__Task directions__. Among the entries that follow, locate the line with "Charming single-story home" and the line with "Stepmom helping child with recipe". Output those lines and all lines in between, exactly, minus the pictures.

__Dataset content__.
* * * *
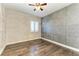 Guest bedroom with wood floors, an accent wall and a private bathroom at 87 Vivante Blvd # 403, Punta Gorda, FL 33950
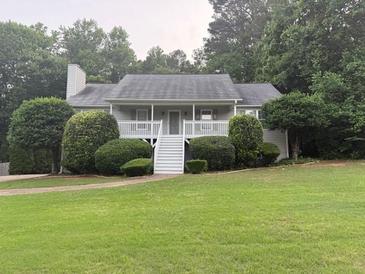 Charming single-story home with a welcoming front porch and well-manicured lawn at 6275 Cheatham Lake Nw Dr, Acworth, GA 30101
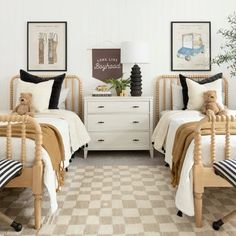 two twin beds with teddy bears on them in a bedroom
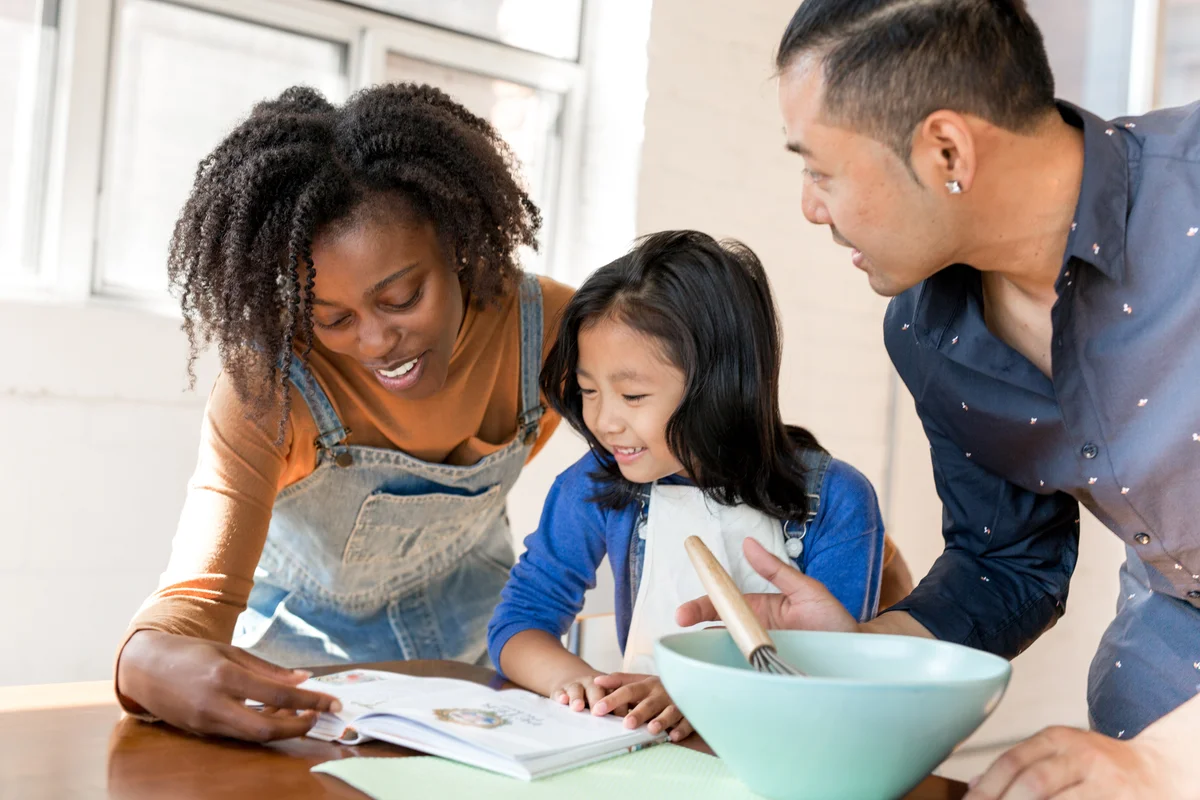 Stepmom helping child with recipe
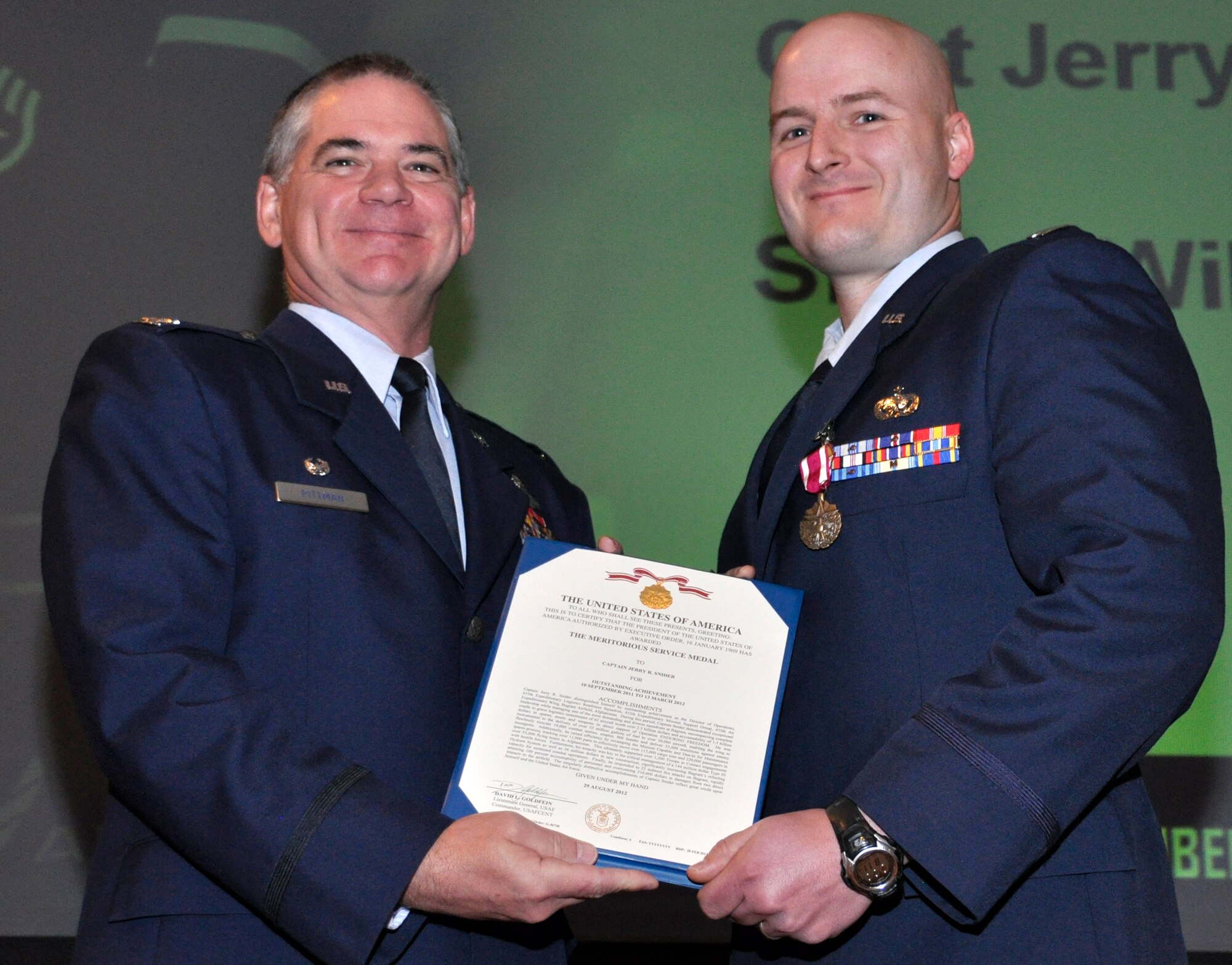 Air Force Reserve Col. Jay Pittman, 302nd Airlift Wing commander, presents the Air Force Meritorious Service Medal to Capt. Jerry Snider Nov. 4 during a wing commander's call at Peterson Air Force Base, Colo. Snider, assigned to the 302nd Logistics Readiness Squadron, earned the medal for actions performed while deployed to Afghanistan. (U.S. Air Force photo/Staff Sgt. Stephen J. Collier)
* * * *
__Written solution__.
 Charming single-story home with a welcoming front porch and well-manicured lawn at 6275 Cheatham Lake Nw Dr, Acworth, GA 30101
 two twin beds with teddy bears on them in a bedroom
 Stepmom helping child with recipe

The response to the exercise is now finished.